In order to show the effectiveness of the proposed method, we perform 10 fold cross-validation. Out of 66 instances 62 (Table 1) are correctly classified with on an average 93.94 % accuracy. Details of the evaluation metrics are shown in Table 2. Although there are a lot of works on tumor classification from breast cancers, follicular lymphoma, bone marrow, sub-typing of brain glioblastoma, we notice quite a few works on brain tumor classification of GBM and LGG. Comparison of our results with the state-of-art works are shown in Table 3.

Table 1.

Confusion matrix; classification of 66 images.

Original label
GBM LGG
Pre-
dicted
GBM 36 2
LGG 2 26

Table 2.

Class wise and weighted average of the classifiers prediction.
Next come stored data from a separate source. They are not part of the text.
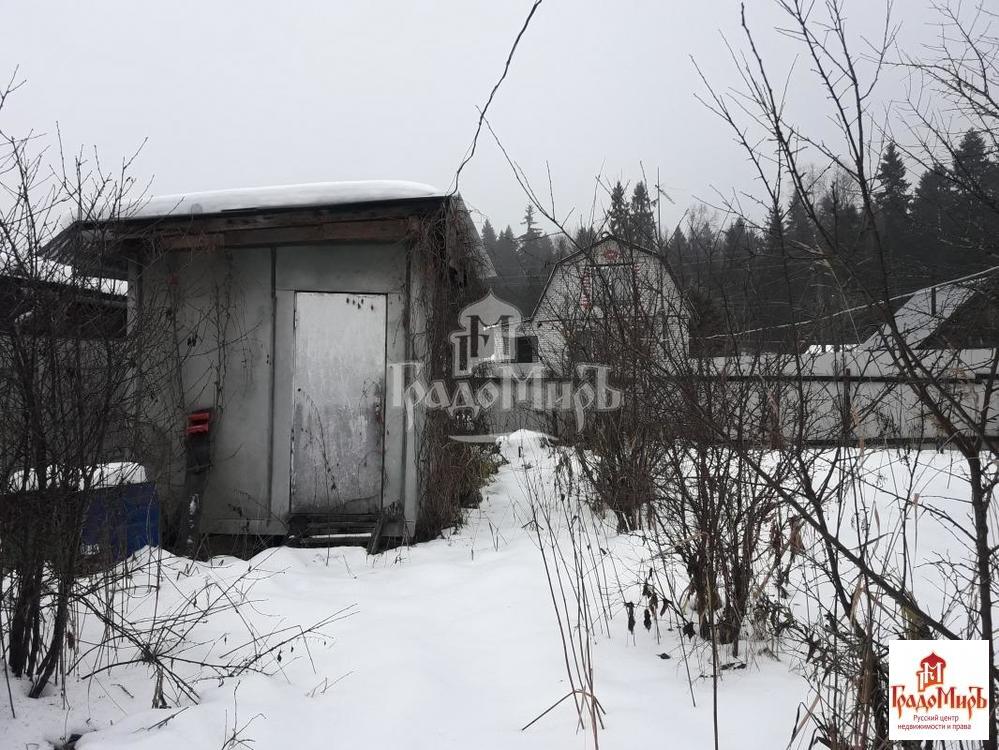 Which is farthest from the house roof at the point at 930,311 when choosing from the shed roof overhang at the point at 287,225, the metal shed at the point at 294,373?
the metal shed at the point at 294,373

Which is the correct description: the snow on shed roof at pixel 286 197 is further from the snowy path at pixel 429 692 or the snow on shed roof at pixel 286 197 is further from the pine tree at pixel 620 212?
the snowy path at pixel 429 692

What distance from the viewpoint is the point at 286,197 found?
17.6 feet

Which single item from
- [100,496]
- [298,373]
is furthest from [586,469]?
[100,496]

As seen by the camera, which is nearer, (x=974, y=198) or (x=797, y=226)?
(x=797, y=226)

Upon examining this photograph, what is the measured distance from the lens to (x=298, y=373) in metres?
5.88

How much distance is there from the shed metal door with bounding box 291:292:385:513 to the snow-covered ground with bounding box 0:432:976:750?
1622mm

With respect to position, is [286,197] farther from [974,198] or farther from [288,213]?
[974,198]

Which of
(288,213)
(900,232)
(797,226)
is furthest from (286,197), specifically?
(900,232)

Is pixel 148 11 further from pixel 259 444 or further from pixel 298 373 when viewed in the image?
pixel 259 444

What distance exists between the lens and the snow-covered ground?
90.5 inches

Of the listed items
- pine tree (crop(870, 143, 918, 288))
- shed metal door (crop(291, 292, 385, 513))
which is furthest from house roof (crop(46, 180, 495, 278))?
pine tree (crop(870, 143, 918, 288))

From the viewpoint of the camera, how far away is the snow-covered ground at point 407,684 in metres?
2.30

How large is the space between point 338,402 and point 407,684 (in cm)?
349

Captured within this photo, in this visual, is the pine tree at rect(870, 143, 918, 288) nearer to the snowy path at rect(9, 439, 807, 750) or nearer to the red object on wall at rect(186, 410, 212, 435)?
the snowy path at rect(9, 439, 807, 750) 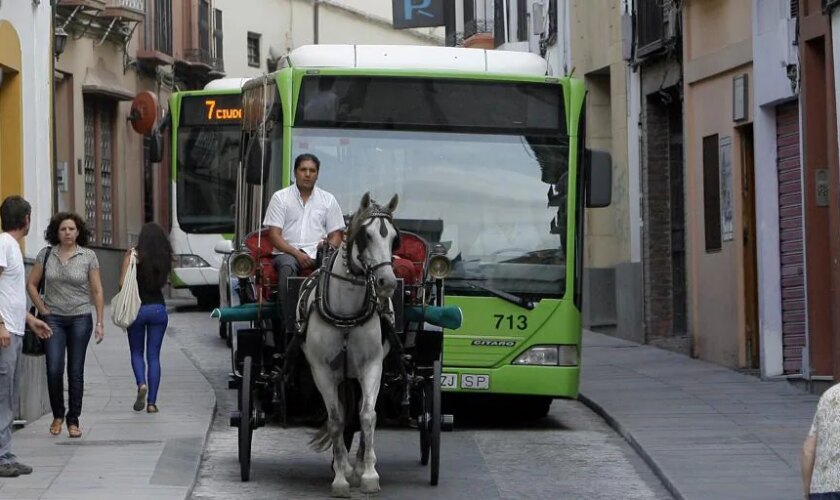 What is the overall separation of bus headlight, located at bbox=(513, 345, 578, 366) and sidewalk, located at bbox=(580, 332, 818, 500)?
2.49 ft

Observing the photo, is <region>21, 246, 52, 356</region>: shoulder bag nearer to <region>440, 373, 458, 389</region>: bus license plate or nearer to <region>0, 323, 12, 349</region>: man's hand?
<region>0, 323, 12, 349</region>: man's hand

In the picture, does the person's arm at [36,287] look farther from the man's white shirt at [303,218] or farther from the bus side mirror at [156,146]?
the bus side mirror at [156,146]

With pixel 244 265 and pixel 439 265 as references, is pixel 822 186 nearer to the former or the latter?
pixel 439 265

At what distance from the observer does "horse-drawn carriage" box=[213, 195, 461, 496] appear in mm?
11461

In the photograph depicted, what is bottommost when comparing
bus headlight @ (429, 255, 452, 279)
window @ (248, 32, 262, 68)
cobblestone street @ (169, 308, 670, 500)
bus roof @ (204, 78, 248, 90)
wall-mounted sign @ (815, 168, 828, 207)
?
cobblestone street @ (169, 308, 670, 500)

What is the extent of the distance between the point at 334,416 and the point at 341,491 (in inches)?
18.5

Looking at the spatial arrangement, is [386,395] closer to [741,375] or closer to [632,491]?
[632,491]

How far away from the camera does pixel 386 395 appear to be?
12305 mm

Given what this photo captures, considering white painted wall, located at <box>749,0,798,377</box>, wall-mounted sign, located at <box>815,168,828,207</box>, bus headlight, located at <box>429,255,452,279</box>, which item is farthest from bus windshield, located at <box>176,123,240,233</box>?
bus headlight, located at <box>429,255,452,279</box>

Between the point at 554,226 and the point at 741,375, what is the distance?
5511mm

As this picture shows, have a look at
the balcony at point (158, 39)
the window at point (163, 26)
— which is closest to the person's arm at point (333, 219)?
the balcony at point (158, 39)

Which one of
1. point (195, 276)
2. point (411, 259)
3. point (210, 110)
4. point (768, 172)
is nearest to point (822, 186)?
point (768, 172)

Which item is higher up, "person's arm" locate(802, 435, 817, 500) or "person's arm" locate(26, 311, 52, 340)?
"person's arm" locate(26, 311, 52, 340)

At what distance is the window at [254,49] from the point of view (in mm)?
54188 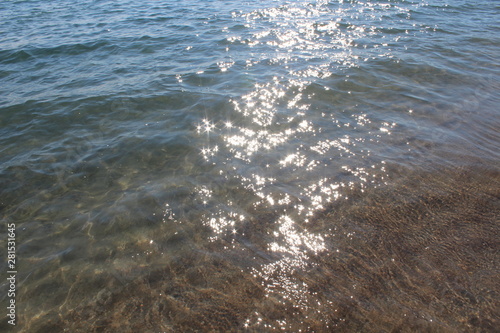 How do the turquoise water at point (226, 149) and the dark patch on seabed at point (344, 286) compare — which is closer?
the dark patch on seabed at point (344, 286)

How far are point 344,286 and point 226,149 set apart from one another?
369 centimetres

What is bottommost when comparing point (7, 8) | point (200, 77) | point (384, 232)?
point (384, 232)

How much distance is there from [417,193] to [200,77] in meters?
7.11

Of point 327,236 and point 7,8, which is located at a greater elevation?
point 7,8

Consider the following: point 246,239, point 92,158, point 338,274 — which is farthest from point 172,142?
point 338,274

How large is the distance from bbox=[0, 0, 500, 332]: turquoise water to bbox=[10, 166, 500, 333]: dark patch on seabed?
0.11 ft

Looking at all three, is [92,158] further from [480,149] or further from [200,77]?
[480,149]

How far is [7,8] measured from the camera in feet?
54.6

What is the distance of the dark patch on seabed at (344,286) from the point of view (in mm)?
3326

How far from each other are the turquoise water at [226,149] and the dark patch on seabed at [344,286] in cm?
3

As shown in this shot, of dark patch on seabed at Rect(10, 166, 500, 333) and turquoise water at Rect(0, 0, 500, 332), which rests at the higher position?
turquoise water at Rect(0, 0, 500, 332)

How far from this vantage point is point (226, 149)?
20.5 ft

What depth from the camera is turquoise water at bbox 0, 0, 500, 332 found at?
3926 millimetres

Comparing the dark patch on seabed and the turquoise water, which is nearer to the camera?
the dark patch on seabed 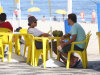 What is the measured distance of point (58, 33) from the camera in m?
8.95

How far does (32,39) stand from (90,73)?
1735 mm

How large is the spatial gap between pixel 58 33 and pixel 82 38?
2.05 feet

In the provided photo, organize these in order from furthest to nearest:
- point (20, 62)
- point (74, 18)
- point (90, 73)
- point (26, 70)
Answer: point (20, 62) → point (74, 18) → point (26, 70) → point (90, 73)

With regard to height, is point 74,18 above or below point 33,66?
above

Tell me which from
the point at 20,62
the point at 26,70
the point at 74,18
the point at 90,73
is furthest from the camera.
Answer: the point at 20,62

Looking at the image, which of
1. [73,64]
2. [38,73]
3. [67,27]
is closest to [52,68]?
[73,64]

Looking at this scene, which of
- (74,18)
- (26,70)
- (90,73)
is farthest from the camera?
(74,18)

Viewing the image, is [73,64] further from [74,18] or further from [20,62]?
[20,62]

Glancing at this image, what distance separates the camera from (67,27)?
10008 millimetres

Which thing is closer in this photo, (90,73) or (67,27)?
(90,73)

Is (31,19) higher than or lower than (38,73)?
higher

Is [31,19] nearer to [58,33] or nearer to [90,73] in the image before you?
[58,33]

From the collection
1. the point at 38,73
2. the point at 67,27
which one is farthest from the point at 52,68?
the point at 67,27

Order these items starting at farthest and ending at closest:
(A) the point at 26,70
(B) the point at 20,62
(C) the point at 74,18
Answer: (B) the point at 20,62 → (C) the point at 74,18 → (A) the point at 26,70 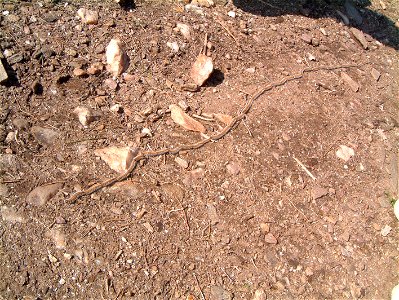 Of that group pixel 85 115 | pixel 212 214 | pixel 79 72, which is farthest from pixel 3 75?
pixel 212 214

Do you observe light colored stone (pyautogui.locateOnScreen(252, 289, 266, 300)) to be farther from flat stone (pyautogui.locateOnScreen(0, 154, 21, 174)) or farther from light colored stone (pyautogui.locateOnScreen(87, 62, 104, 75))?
light colored stone (pyautogui.locateOnScreen(87, 62, 104, 75))

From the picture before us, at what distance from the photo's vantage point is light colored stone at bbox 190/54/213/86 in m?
3.64

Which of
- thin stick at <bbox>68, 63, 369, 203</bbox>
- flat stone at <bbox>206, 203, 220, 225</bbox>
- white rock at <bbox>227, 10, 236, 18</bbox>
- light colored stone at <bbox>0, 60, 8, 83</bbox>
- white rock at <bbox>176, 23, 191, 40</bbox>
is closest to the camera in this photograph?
thin stick at <bbox>68, 63, 369, 203</bbox>

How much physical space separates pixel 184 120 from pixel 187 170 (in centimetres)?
44

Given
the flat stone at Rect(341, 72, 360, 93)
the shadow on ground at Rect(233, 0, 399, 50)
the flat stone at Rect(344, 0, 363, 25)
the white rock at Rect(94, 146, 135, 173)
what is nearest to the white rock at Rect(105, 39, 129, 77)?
the white rock at Rect(94, 146, 135, 173)

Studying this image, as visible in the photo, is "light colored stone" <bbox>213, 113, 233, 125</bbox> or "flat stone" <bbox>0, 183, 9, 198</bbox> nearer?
"flat stone" <bbox>0, 183, 9, 198</bbox>

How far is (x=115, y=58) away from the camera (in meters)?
3.54

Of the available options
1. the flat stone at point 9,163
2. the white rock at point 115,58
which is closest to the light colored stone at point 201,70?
the white rock at point 115,58

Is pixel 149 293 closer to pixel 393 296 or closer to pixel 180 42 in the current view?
pixel 393 296

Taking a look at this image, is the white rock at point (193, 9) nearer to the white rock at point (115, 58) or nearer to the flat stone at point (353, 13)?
the white rock at point (115, 58)

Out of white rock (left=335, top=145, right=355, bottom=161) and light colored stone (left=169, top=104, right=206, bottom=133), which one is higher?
light colored stone (left=169, top=104, right=206, bottom=133)

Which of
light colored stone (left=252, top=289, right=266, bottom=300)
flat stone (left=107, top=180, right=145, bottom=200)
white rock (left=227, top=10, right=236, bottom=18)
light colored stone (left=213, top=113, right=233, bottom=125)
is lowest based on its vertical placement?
light colored stone (left=252, top=289, right=266, bottom=300)

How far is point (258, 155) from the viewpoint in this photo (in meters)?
3.43

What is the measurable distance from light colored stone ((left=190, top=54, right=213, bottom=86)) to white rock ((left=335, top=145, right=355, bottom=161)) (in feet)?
4.34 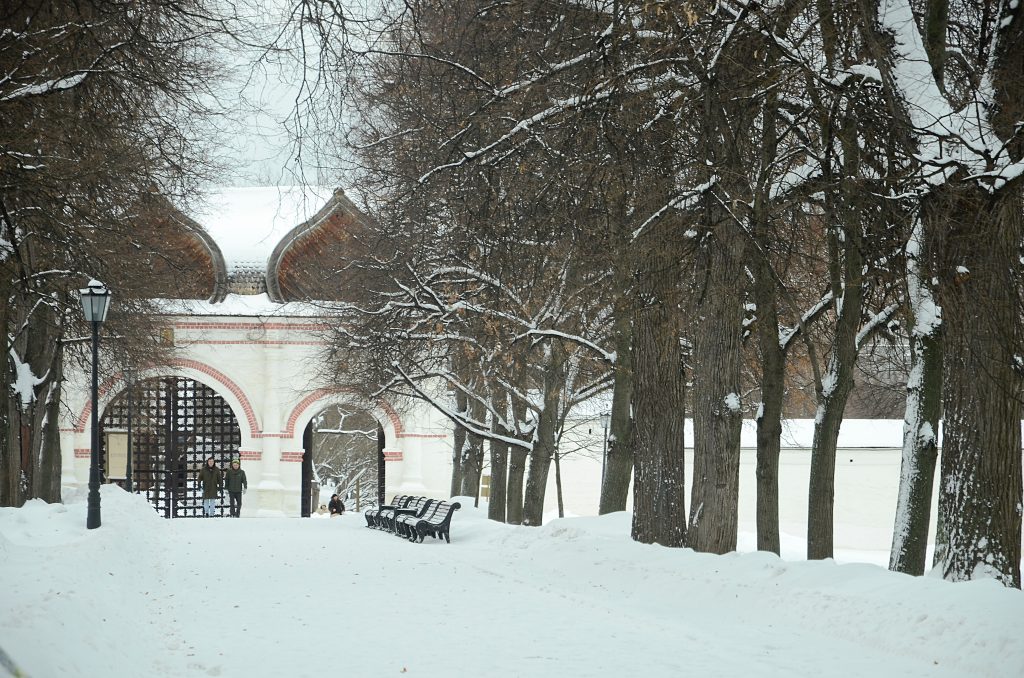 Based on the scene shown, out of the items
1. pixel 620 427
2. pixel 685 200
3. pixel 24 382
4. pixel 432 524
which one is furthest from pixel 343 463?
pixel 685 200

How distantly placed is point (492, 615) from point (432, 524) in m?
11.5

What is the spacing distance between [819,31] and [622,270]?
3.29 metres

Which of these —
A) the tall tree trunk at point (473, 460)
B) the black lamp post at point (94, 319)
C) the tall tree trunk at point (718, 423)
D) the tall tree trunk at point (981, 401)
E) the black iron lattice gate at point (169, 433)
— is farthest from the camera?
the black iron lattice gate at point (169, 433)

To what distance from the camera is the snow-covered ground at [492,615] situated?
8430 millimetres

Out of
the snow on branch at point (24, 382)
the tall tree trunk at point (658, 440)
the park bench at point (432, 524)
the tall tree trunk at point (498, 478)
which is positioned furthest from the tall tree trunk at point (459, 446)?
the tall tree trunk at point (658, 440)

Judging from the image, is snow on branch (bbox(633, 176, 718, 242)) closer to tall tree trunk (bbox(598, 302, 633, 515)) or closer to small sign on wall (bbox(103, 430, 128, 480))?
tall tree trunk (bbox(598, 302, 633, 515))

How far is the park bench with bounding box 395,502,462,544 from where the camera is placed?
22.8 m

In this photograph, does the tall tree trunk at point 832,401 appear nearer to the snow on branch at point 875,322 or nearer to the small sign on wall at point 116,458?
the snow on branch at point 875,322

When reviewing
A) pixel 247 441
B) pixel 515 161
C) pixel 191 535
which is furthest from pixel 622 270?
pixel 247 441

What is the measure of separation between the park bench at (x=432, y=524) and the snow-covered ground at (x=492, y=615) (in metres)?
5.34

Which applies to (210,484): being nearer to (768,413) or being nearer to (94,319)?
(94,319)

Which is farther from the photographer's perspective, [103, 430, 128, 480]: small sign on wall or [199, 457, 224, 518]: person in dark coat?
[199, 457, 224, 518]: person in dark coat

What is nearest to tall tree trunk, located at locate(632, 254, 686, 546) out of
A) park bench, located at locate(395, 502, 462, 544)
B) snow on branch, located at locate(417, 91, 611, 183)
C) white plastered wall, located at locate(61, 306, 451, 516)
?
snow on branch, located at locate(417, 91, 611, 183)

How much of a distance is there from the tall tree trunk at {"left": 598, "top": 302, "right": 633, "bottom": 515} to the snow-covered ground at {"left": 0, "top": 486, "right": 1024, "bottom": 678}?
2.84m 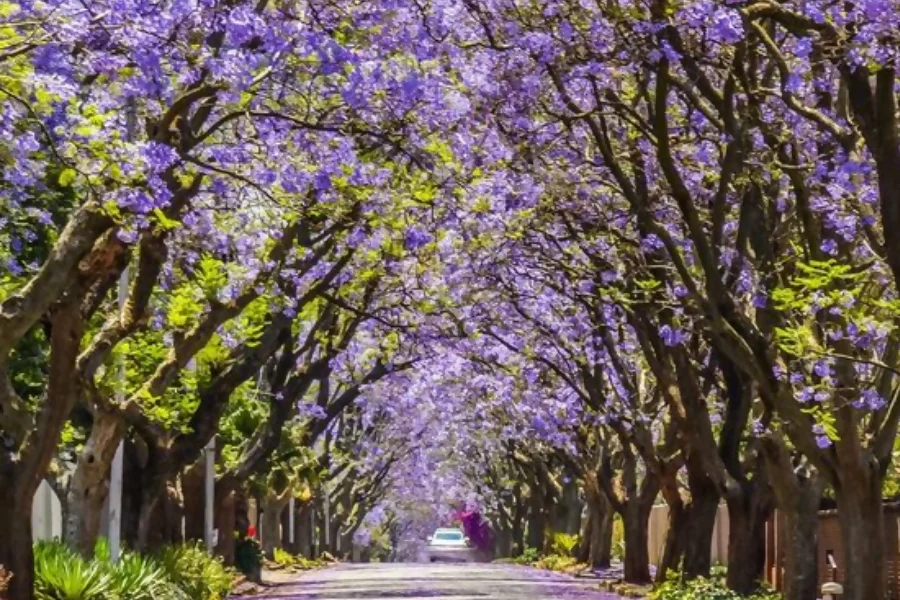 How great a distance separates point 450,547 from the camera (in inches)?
3664

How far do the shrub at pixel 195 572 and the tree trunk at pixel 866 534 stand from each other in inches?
359

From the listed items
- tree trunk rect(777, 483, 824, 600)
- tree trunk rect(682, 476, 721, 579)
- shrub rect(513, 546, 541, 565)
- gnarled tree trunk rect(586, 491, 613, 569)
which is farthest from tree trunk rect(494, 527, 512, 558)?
tree trunk rect(777, 483, 824, 600)

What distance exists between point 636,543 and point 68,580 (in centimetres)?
2107

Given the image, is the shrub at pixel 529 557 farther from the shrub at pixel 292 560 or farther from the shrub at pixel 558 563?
the shrub at pixel 292 560

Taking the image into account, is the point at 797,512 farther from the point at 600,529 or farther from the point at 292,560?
the point at 292,560

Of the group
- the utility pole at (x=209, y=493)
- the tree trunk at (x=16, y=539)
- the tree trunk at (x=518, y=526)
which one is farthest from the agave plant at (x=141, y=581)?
the tree trunk at (x=518, y=526)

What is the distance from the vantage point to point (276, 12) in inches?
557

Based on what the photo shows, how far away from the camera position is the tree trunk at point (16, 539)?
51.0 ft

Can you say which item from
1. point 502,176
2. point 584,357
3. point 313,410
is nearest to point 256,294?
point 502,176

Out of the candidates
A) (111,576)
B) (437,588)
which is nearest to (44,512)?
(437,588)

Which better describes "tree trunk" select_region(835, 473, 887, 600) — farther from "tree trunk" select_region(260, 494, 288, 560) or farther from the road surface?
"tree trunk" select_region(260, 494, 288, 560)

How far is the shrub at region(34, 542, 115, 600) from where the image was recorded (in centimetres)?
1756

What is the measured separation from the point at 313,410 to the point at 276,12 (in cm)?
1976

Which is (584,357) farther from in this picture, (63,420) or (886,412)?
(63,420) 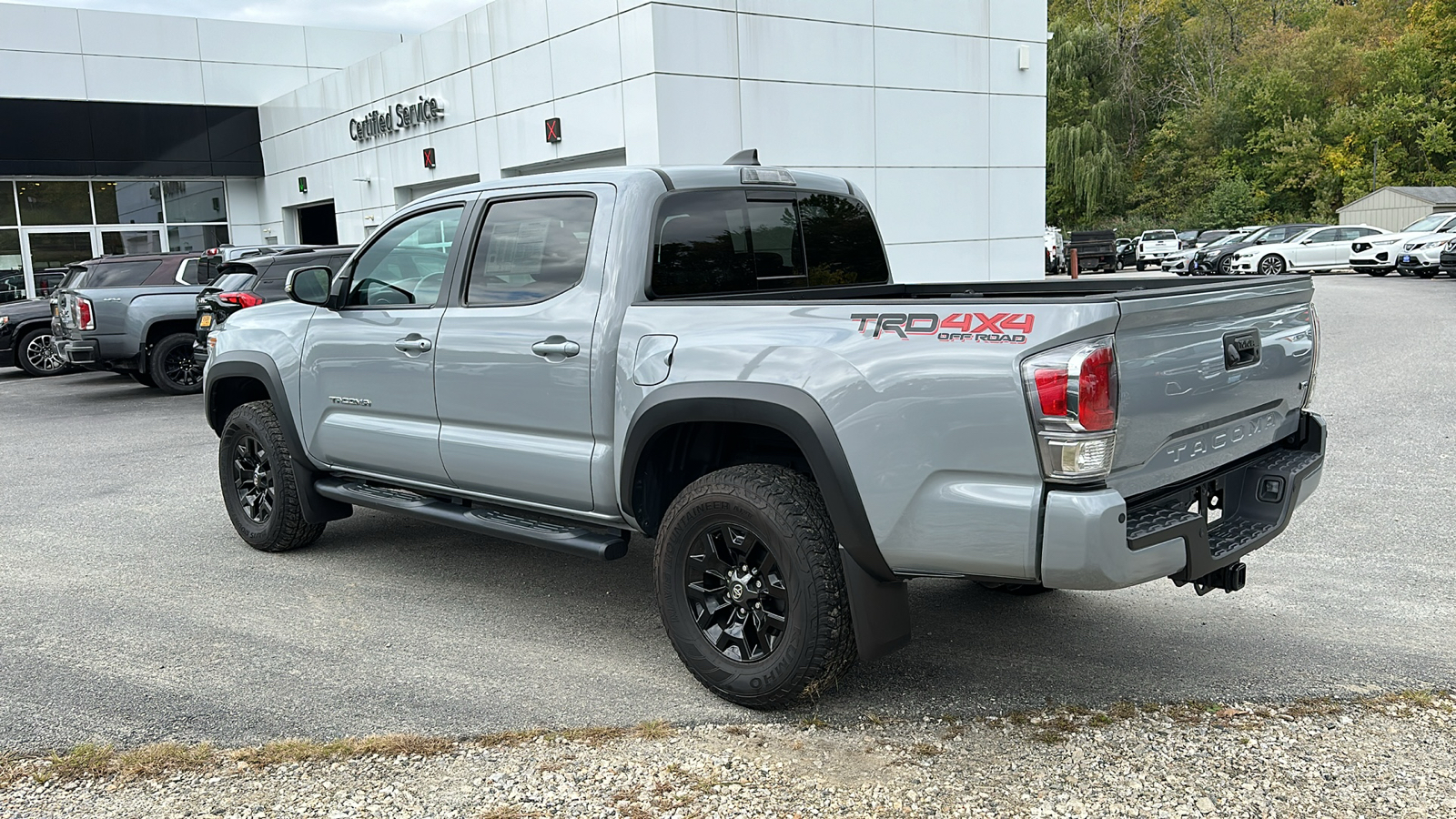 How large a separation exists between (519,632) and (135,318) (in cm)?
1093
Class TP rate FP rate Precision Recall AUC
GBM 0.947 0.071 0.947 0.947 0.955
LGG 0.929 0.053 0.929 0.929 0.955
Weighted
Average
0.939 0.063 0.939 0.939 0.955

Table 3.

State-of-art comparison of our results.

Methods Dataset / # of images Features Cross-validation
accuracy
Barker et. al [1] TCGA/total 45
(23 GBM, 22 LGG)
Texture, color and shape of nuclei 97.8 %
Xu et. al [2] TCGA /total 45
(23 GBM, 22 LGG)
Deep convolution activation features 97.8 %
Our method TCGA /total 66
(38 GBM, 28 LGG)
Centroids from k-mean clustering of
nuclei shape features
94 %

Accuracy of our results are comparable to other study reported in literature [1, 2]. Note we have used only nuclei’s geometric features to show the efficacy of the representative features which is very simple and computationally inexpensive. Moreover, our dataset is more unbalanced and may have impact on the outcomes. To investigate the robustness of these representative features, we vary the number of neurons in the hidden layer from 3 to 8 with fixed 0.3 learning rate and 0.2 momentum. We noticed that the accuracy remain constant in the range 5-8 (number of neurons) and a slight drop (92% accuracy) for the range 3-4 (number of neurons). This constant performance against the varying model parameters proves that the extracted feature are robust in classifying the tumor types. Overall on an average 94% accuracy suggests the efficacy of our algorithm.

Conclusion and Future Works

This work presents a computationally inexpensive method using morphological feature extraction of cell nuclei for brain tumor classification. Experimental results obtained from 66 patients images show that the proposed method is competitive when compared to recent works on tumor grading. In future, we plan to consider other useful features such as entropy, multi-fractal texture features [15], and color of nuclei in our pipeline to build a more effective classification scheme. We also plan to consider our prior structural MRI based method for tumor grading [16] and correlate that technique with the proposed digital pathology-based method in this study for robust tumor grading in large scale clinical cases.

Figure 2.

Figure 2

Nuclei segmentation: (a) original image, (b) color normalized image, (c) Optical density image, (d) density of hematoxylin component, (e) hysteresis thresholding, (f) boundary smoothing of segmented nuclei (g) illustration of clustered nuclei separation; green (convex hull boundary), red (concave boundary), blue (cutting line found in a single iteration), (h) Final segmentation, clustered nuclei are separated (marked by red circle).

Acknowledgment

This work is partially supported through a grant from NCI/NIH (R15CA115464).